280 cops deployed against poachers

19 September 2019 | Crime

The Namibian police have deployed 280 members to assist in the fight against poaching.

Inspector-general Sebastian Ndeitunga says these members, selected from across the country, are deployed on three-month rotations to the Palmwag Concession and the Etosha and Bwabwata national parks.

He says the objective is to reinforce the anti-poaching and patrol efforts of rangers and wardens of the environment ministry.

Ndeitunga was speaking at a workshop on wildlife legislation for prosecutors and investigating officers held in Windhoek last week.

He reminded those attending the workshop that bail is a constitutional right of any person, who is presumed innocent until proven guilty, and therefore denying bail should not be a punishment.

“Nevertheless, we are also duty bound to take legal measures to ensure that the interest of the public is satisfied, prevent the possibility of interference with witnesses or an ongoing investigation, even if that means that the state should. When there is evidence to support it, present such evidence in court to oppose bail of an accused person,” said Ndeitunga.

Environment minister Pohamba Shifeta said more needs to be done to ensure that those involved in wildlife crime are prosecuted in accordance with Namibia's wildlife legislation.

According to him unprecedented levels of elephant and rhino poaching are being experienced across Africa and Namibia is no exception.

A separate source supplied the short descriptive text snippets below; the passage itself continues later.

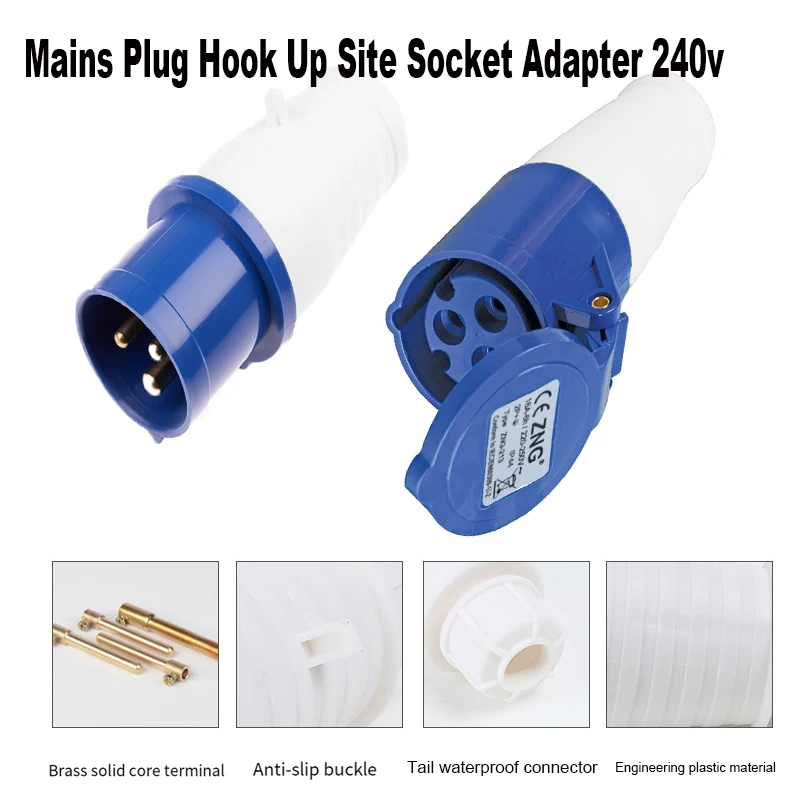 

Mains Female Plug Hook Up Site Socket Adapter 240v 16A Caravan Motorhome Camper Van Car Explosion-Proof Plugs Replacement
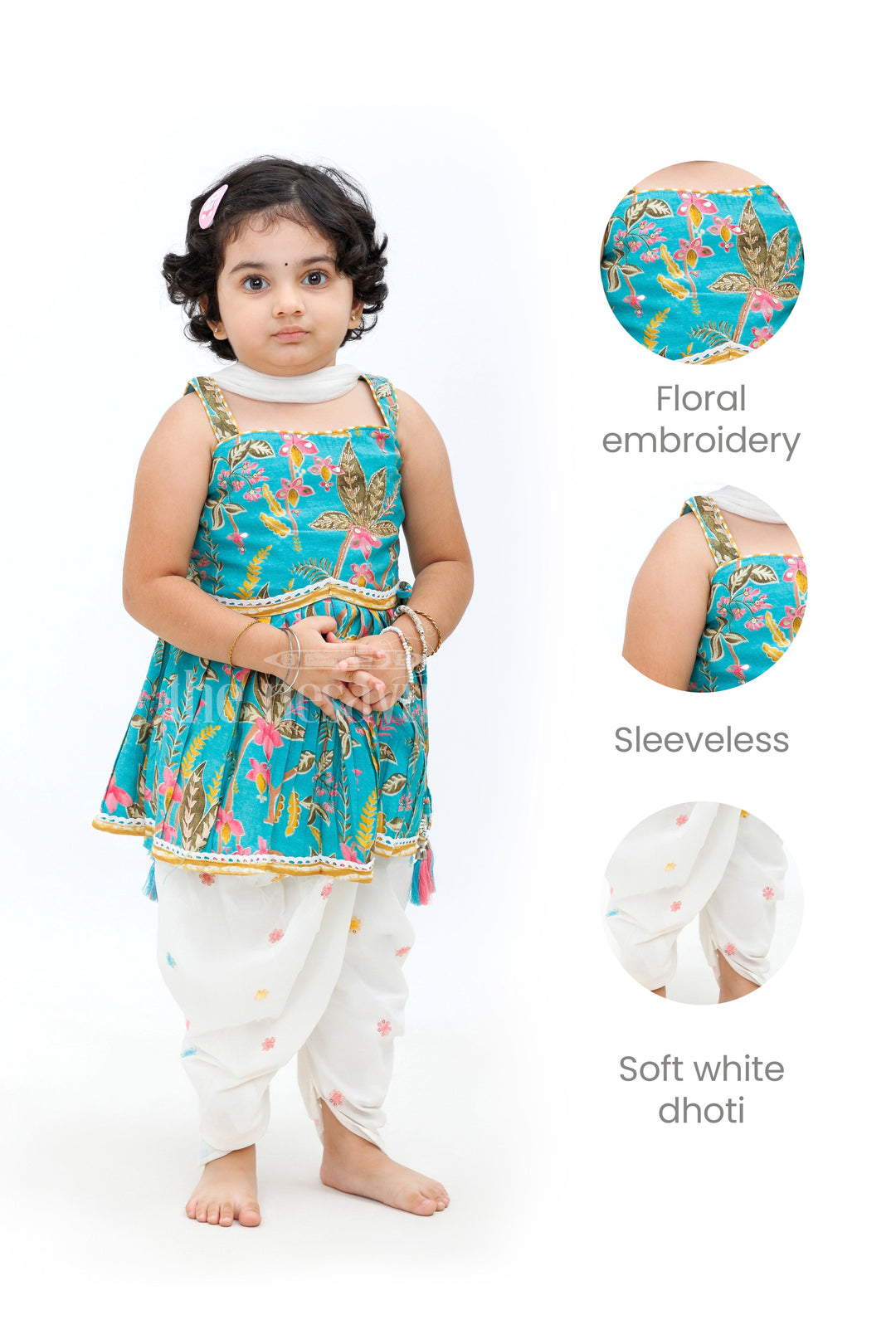 The Nesavu Girls Dothi Sets Blue Modal Chanderi Dhoti Set with Floral Kurta Nesavu Blue Modal Chanderi Dhoti Set with Floral Kurta for Girls - Nesavu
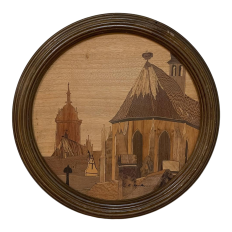 Antique Framed Inlaid Wood Cityscape ~ Signed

Shifeta said poaching is threatening the future of these species and the ecosystem they inhabit.

“This situation demands strict implementation of the strategies and measures to curb illegal hunting of wild animals. As poaching groups increase in size, number and sophistication, it is more important than ever that law enforcement responses are robust, reliable and effective.”

He said wildlife trafficking has become a multimillion-dollar criminal enterprise that has expanded to more than just a conservation concern. “The increased involvement of organised crime in poaching and wildlife trafficking promotes corruption, threatens peace, strengthens illicit trade routes, destabilises economies and communities that depend on wildlife and their livelihoods.”

The Nature Conservation Ordinance of 1975 was amended in 2017 to increase the penalties for illegal hunting. The Controlled Wildlife Products and Trade Act of 2008 was also amended to increase the penalties for possession of such products.

“This review of our wildlife legislation includes appropriate penalties for offences related to illegal hunting and trade in wildlife and wildlife products, and must be enforced or implemented fully. Our legal system and prosecution of illegal hunting and illegal trade in wildlife and wildlife product cases need to be strengthened,” the minister said.

Shifeta stressed that wildlife crime needs to be treated as a serious crime.

“Effective operationalisation and implementation of relevant laws and regulations is crucial and appropriate penalties, prosecution and sentencing must be in place.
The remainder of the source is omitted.